Does metal make me angry and chaotic? Or do I listen to metal because I am angry and chaotic?
We’ll get to the answer in a minute.
In the meantime, let’s get a little backstory. As some of you know, I am in the process of upgrading my AV receiver. The first unit I got, while sounding amazing, developed a bad remote sensor after 5 days. The exchange is still in progress, as detailed in an earlier post. The replacement unit is scheduled to arrive on Thursday.
In the meantime, I am left without something I have had constantly for over six and a half years – a sound system in my bedroom. I’ve been left with my car stereo and my iPod. Neither are as accessible of substitutes, which has led to me listening to music a lot less over the last several days. This, I have just realized, resulted in an interesting self-experiment being inadvertently performed: Does mostly going without my raging, crazy music while continuing to do everything else as normal make me calmer, kinder, and more sane? Is my frequent frustration and bitterness as result of this sort of music? Could it really be?
No. I spent most of this evening ALONE with my iPod, listening to most of the catalog of the metalcore band As I Lay Dying. Music which is in general fast, almost incomprehensible, and insane. For the first time in nearly a week, I feel calm and collected. Like I can sleep in peace, and survive the next day. This weekend has seen from me some very strange behavior from myself that has honestly frightened me. Sunday night after work I stopped at AM/PM for a substantial junk food binge. On the way home, I was literally screaming in my car at the other drivers, even though I knew they couldn’t hear me.

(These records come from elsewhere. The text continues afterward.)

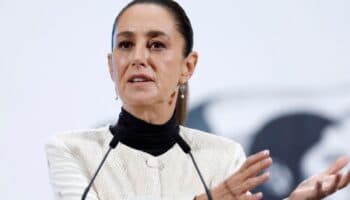 Sheinbaum pide a proveedores de Pemex no caer en 'coyotes' para agilizar pagos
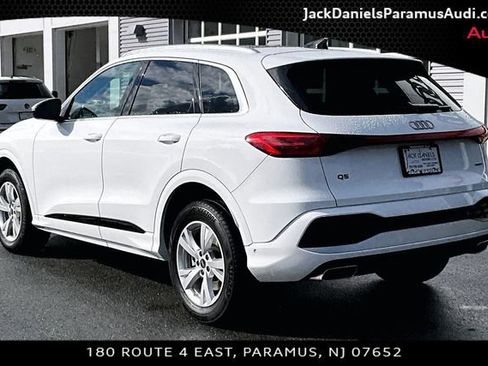 Used 2025 Audi Q5 Premium w/ Convenience Package AWD/4WD image 10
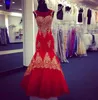 2019 nieuwe Dubai rode nieuwe paar mode zeemeermin prom jurken sheer crew hals gouden kant applicaties kralen vestidos de fiesta avondjurken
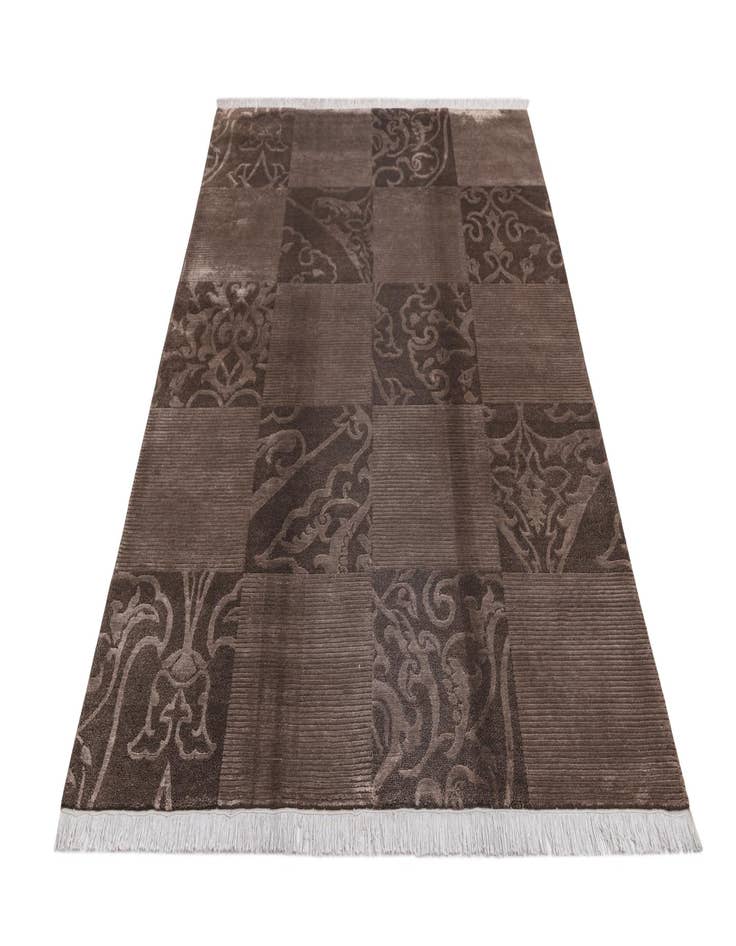 Detail image of  5' 8 x 8'  Hand Knotted Darya Wool Rug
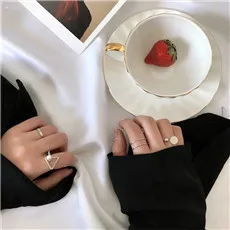 AOMU 1 комплект, корейское кольцо с искусственным жемчугом, стразы, модное кольцо с увеличенным отверстием, регулируемое кольцо для женщин, ювелирный набор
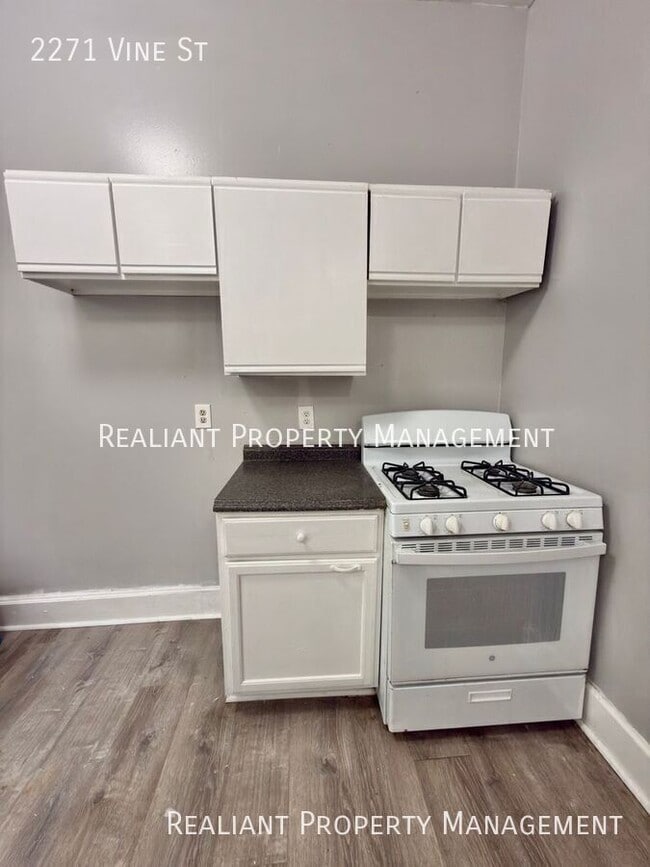 Building Photo - 2271 Vine St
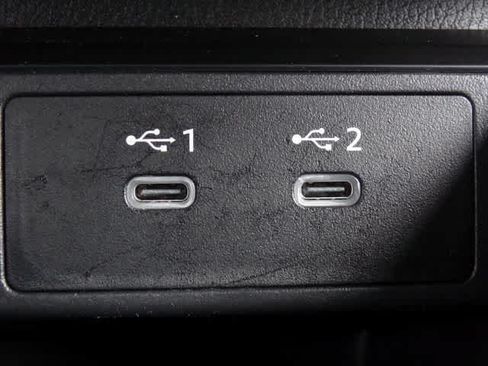 Used 2025 Nissan Kicks SV AWD/4WD image 25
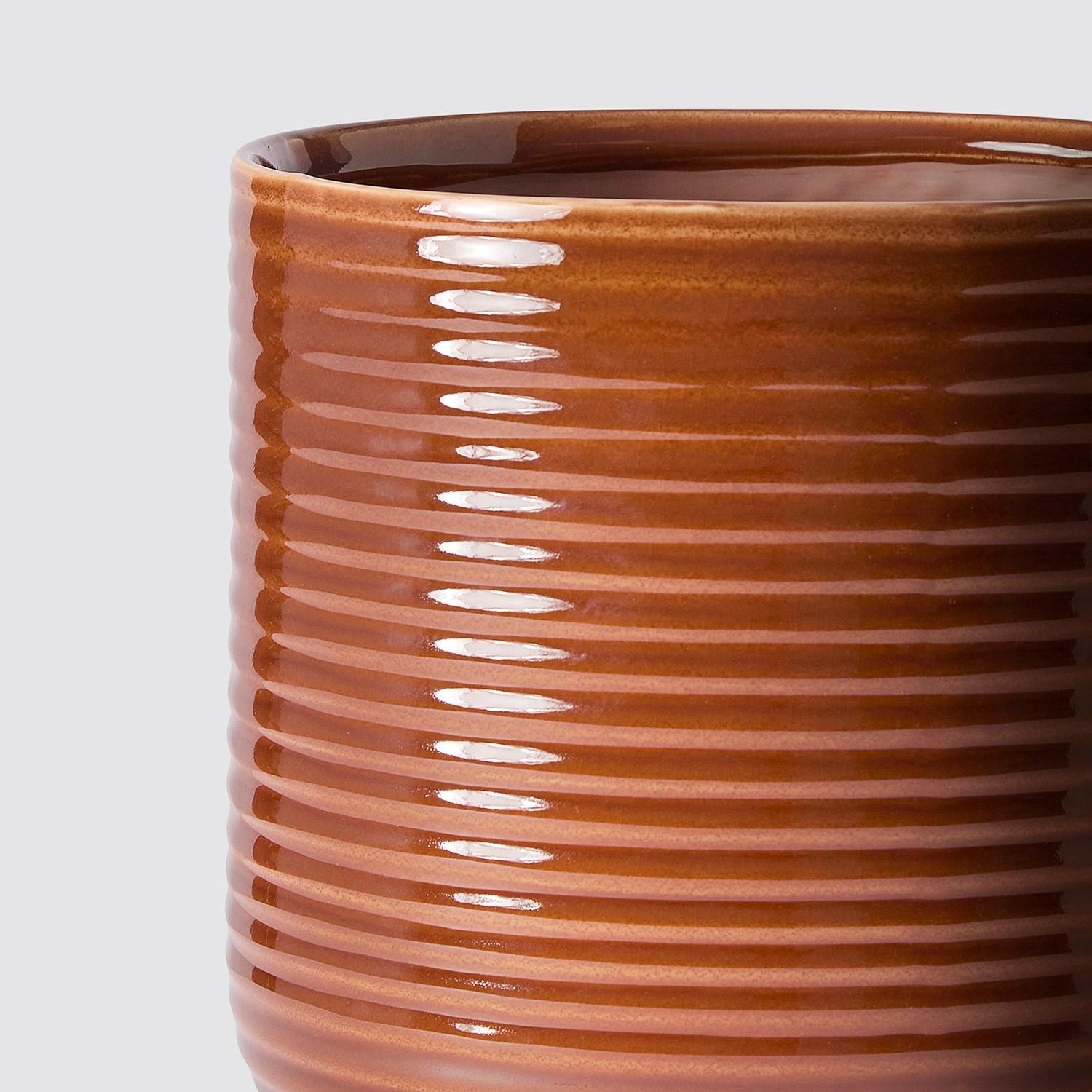 Ceramic glazed pot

I have been getting worse and worse with junk food. I know it’s unhealthy, I have foolishly come to rely on it. I buy sugary espresso drinks when I get coffee, I buy too much stuff from my job (ice cream shop) I buy fried food and pastries at Clark, like they will somehow help me get through my day. Strangely, the one thing proven to help is my tasty, black, french-pressed Stumptown coffee. The healthy thing. Hmmph. Starting today, I am cutting out the junk food. Tasty drinks will be knocked back to one a week, probably from River Maiden, since theirs are full of win, and somewhat cheaper. When I buy food, I will keep it to healthy fair like sandwiches and salads.
But, I now have answered the question that has always been in the back of my head. No, “The Metal” does not make me this way. I AM this way. Music like this merely finds a resonance in my soul, and helps provide an outlet. The fury of it all…the double bass, the distorted guitars, the screaming and growling….the pressure in my chest from growling along with it…..it lets me dump the rage that is about to find its way out somewhere far, far worse. I cannot afford to dump this into the people around me. Junk food binges will quite literally be the death of me. It all ends here.
“You cannot kill the metal. The metal will live on!”
Thank you LORD, for giving me music from people like me, and for giving me the gear to enjoy it on.
Thank you.
……..my God…..I am actually smiling as I write this. What a concept.